Les députés s’inquiètent du pouvoir des Gafam. Alors que les séances de l’Assemblée nationale sont suspendues jusqu’au 23 mars, une commission d’enquête pour répertorier les usages d’outils numériques non européens par des services de l’État a démarré la semaine dernière.
Elle s’intéressera mardi à l’hébergement des données de santé des Français en recevant Laurent Vilbœuf, directeur par intérim de la plateforme nationale Health Data Hub, qui s’apprête à quitter l’américain Microsoft pour un fournisseur de cloud maison. Après plusieurs polémiques, ce cas est devenu symbolique des débats sur la souveraineté numérique française.
Souveraineté numérique
Mais ce n’est pas le seul sujet auquel s’intéressent les députés qui doivent aussi plancher sur les secteurs de l’énergie ou des transports. « La question, c’est comment garantir le fonctionnement de l’État sans qu’il soit soumis à la volonté des géants américains de la tech, explique Cyrielle Chatelain, rapporteure de cette commission voulue par le groupe Écologiste qu’elle préside. C’est un enjeu technologique et démocratique. »

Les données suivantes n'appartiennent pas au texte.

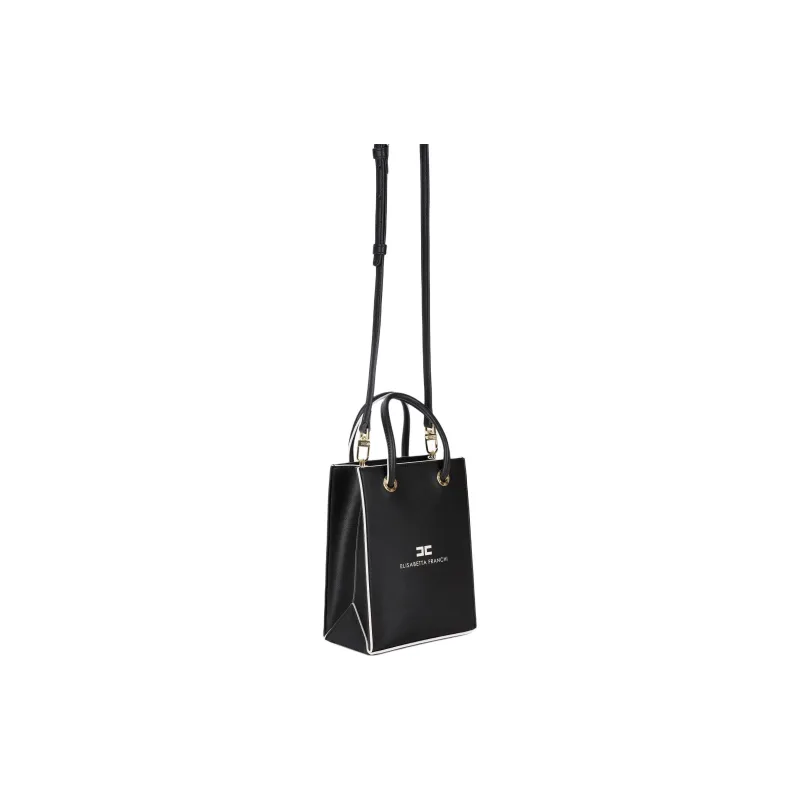 Elisabetta Franchi Acrylic Shoulder Bag Crossbody Bag Handbag Mini Women's Black-1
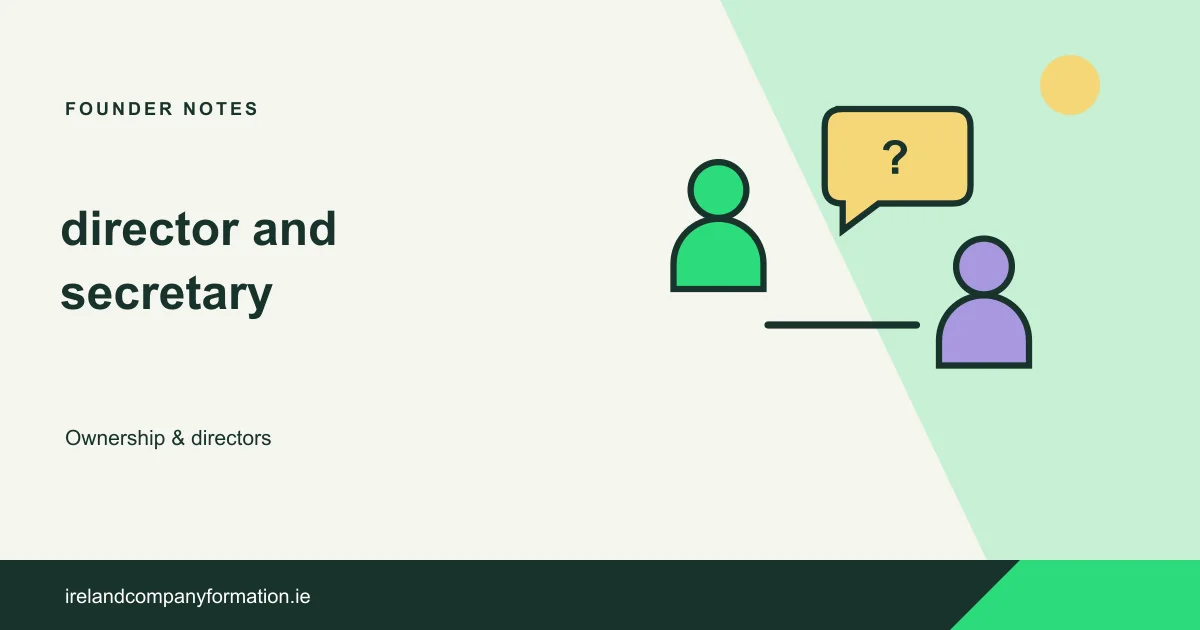 Two separate company officers with a shared decision question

Autre usage ciblé : le recours de l’Éducation nationale à Microsoft. La DGFIP, chargée des impôts, vient, elle, d’abandonner Microsoft pour le système open source Linux. Les députés entendront aussi mardi en tant qu’experte Soizic Pénicaud, cofondatrice de l’Observatoire des algorithmes publics… avant des « acteurs économiques » dont la liste n’est pas encore déterminée. Les conclusions de cette commission d’enquête paraîtront en juillet.